How can one recognize a false prophet?
It’s not apparent immediately. A prophet is a charismatic figure who draws followers, and one person’s prophet might be another’s devil (our Lord himself was accused of being a false prophet, a Samaritan and having a demon.) And he or she may not be a religious figure at all but a politician, an entertainer, a writer or just someone important in your life. How you discern true from false all depends on your inner “eye.” As Jesus said, “The eye is the lamp of the body. If your eye is healthy, your whole body will be full of light” (Matthew 6:22). Spiritually healthy eyes look out on the world as God sees it. And for Orthodox Christians that requires a willingness to shape our inward being around communion with Him in time-tested ways: the Scriptures and centuries-long traditions of worship, prayer, fasting, service and spiritual training.
Drawing on this well of experience we can recognize false prophets by asking some searching questions. Are they bringing an all-too-easy message? Do they preach freedom while being enslaved to money, pleasures and power? Or are they teaching a strict message but don’t “walk the talk”? Are they self-serving? Do they exploit others? Are they impatient, unkind, jealous or boastful? Are they arrogant or rude? Do they insist on their own way? Are they irritable or resentful? Are they gleeful at the failings of others? Do they point toward God or to themselves? Do they oppress and constrain or build up and empower others?
It may take time for you to discover what “fruit” a false prophet is producing and to unmask the wolf in sheep’s (or shepherd’s) clothing. And it may not be apparent to everyone else. But if you come to recognize a false prophet damaging your soul, then run for your life.
Belated greetings to Canadians for yesterday’s Canada Day, until 1982 known as “Dominion Day.” For those who don’t know, on July 1, 1867 the British North America Act united the Canadian provinces and created the self-governing Dominion of Canada within the British Empire.
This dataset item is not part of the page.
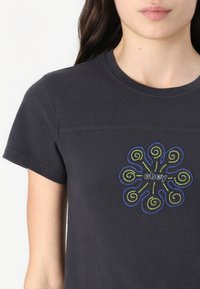 T-shirt nera a maniche corte con scollo rotondo, decorata con ricami a spirale multicolore e la parola "obey" al centro.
Fr James Griggs, Dean of Annunciation Cathedral in Ottawa (where I spent Pentecost), likes to point out that the national day should have remained Dominion Day, because it goes back to a biblical inspiration. In 1866, when the fathers of Confederation were assembled to discuss the terms for uniting the provinces, the premier [governor] of New Brunswick suggested the word “Dominion” from Psalm 72:8, “He shall have dominion from sea to sea.” This was endorsed by the rest of the country’s leaders and accepted by Queen Victoria. “A mari usque ad mare” (From sea to sea) is also the motto on Canada’s coat of arms.